Experiment, they are really good.


----------



## Dutch

Great idea Willkat98. Have you thought about spreading some coarse weave cheesecloth on the bottom of your wok? The weave would be coarse enough to allow the smoke to pass through it but not allow the guys to fall through.


----------



## willkat98

Earl, where would I purchase cheesecloth?  Not kidding, I really don't know


----------



## Dutch

Most supermarkets will have it on the Baking aisle. It comes in a 3 X 4 inch plastic bag.  If that doesn't work out you can get it at a Restaurant supply store.  

Sorry for not getting back to you sooner on this, I've been busy shopping for a new truck. 8)


----------



## grinder

Hardware store, in the paint and finish isle.


----------



## icemn62

Bill, did the cheescloth work out?


----------



## willkat98

I still have not gotten to smoke more.

I've only had the Bandera lit 2 times since my post on 11/05

I like using that because of the easy access with the door.  The WSM doesnt have the capacity to cook meats and peanuts at the same time.

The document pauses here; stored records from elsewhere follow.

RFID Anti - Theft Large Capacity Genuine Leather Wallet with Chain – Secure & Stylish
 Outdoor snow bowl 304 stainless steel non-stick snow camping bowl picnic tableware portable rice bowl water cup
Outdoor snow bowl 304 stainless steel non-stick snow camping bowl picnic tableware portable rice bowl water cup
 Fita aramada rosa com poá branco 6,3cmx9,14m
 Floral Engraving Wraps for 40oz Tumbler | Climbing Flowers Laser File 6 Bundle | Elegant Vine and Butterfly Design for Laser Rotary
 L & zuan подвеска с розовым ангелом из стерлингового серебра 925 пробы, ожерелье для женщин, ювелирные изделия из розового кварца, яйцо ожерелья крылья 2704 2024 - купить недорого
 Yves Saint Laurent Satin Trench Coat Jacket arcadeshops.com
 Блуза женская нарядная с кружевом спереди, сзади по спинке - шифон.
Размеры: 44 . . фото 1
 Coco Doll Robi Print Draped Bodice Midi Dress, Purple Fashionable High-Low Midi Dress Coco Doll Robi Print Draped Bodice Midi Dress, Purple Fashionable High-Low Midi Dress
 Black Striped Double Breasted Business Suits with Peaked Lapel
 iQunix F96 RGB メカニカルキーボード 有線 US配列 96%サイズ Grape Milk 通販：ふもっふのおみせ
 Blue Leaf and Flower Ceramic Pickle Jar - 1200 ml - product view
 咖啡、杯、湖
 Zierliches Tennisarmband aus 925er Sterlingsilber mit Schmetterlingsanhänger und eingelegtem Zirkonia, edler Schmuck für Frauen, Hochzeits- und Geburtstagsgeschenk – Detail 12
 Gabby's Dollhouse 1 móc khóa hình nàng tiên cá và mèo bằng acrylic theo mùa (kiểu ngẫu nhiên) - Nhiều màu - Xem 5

And I took my last 4#'s of raw runners to my smoking buddies this past Memorial Day weekend, but we forgot to do them.  :(


----------



## vulcan75001

Bill
In the bbq isle at wally world..they have throw away aluminum "grill savers"  they are a small mesh sheet that works very well for small items...should work out just fine for your peanuts..

Later
Richard


----------



## willkat98

Thanks Richard.

Of course, I have this "thing" about China-Mart, so I'll have to check around.  

But thanks again for the tip.  I think I saw those at Farm & Fleet couple months back, but it didnt "click" to use them on nuts


----------